Scrape vs. crawl vs. extract — a quick map

Scrape: one URL, one Markdown document. Use for targeted lookups — an agent reading a specific page, or ingesting a single article.
Crawl: one seed URL, many pages. Use for bulk ingestion of a docs site, blog, or wiki into a vector store.
Extract: one or more URLs, structured JSON fields. Use when you need specific data points rather than full prose — prices, dates, author names, specs.

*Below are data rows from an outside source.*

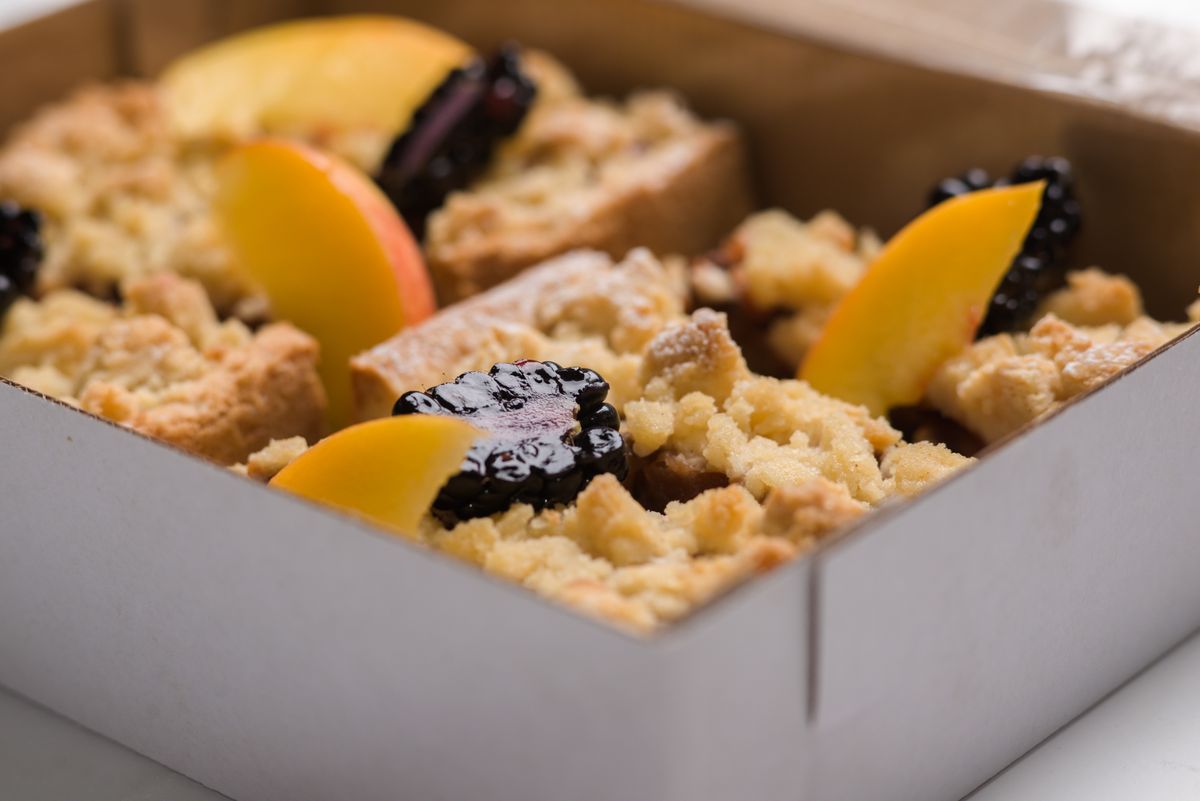 A close-up of baked fruit crumble with a golden oat streusel topping.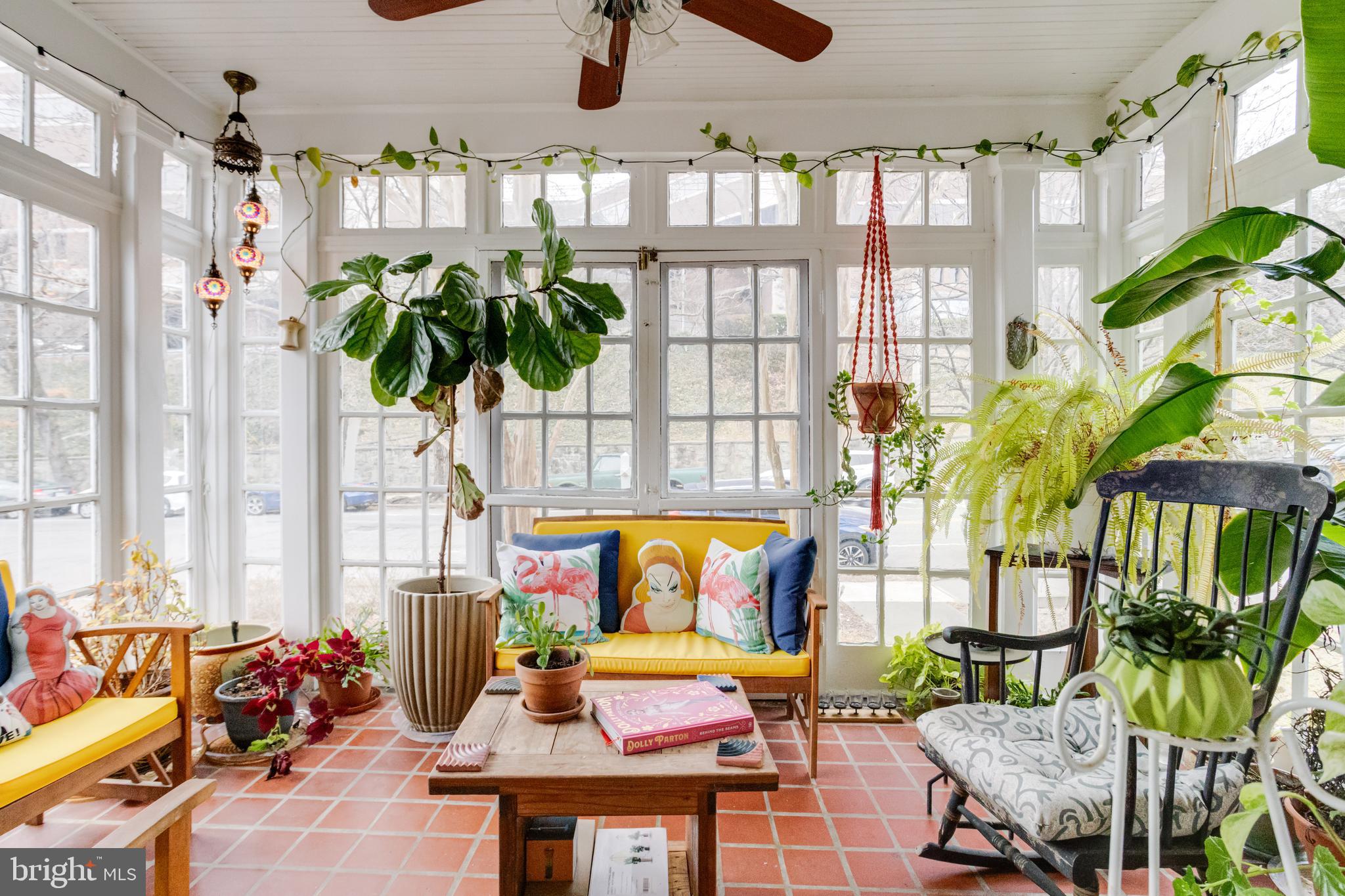 3901 Keswick Road Baltimore, MD 21211 - Photo 16 of 87 a living room filled with furniture and a potted plant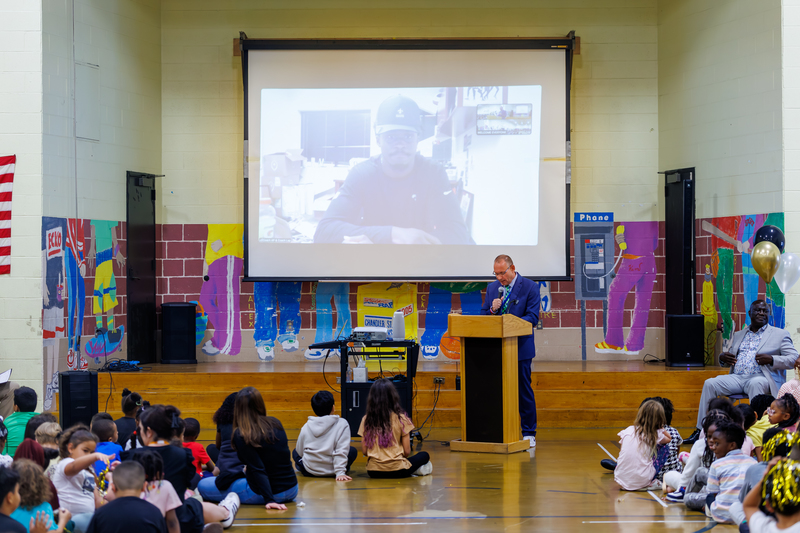Superintendent Brian E. Allen speaks at the podium during an assembly.
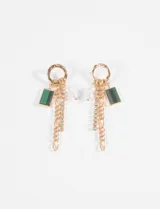 Aros colgantes dorados con diseño de argolla superior y múltiples dijes colgantes: una cadena de eslabones, una tira de strass, una perla pequeña y un dije rectangular de piedra verde.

All three share the same transport layer: Firecrawl’s managed infrastructure renders the page headlessly, follows redirects, handles auth challenges where configured, and strips boilerplate before your code sees a single byte.

In one breath

The web is built for browsers, not LLMs — raw HTML is mostly nav, ads, and scripts; feeding it wastes tokens, confuses the model, and hurts retrieval. You want clean Markdown.
Firecrawl solves two hard problems: boilerplate removal (≈8k HTML tokens → ≈1.5k Markdown) and JS rendering (a plain GET on a React/Next page returns an empty skeleton; a headless browser gets the real content).
Three operations: scrape (one URL → one Markdown doc), crawl (seed → many pages, capped by limit/max_depth), extract (URLs + schema → structured JSON).
Two integration points: RAG ingestion (offline batch — crawl → chunk → embed → store) and an agent browsing tool (online — wrap scrape_url, trim to ~4–8k chars).
Crawls are metered and legally bounded — cap limit/max_depth, respect robots.txt and ToS, and verify retrieved facts before acting (web content is untrusted and can be stale).

Quick check

0/3

Q1Why does Firecrawl return Markdown instead of raw HTML?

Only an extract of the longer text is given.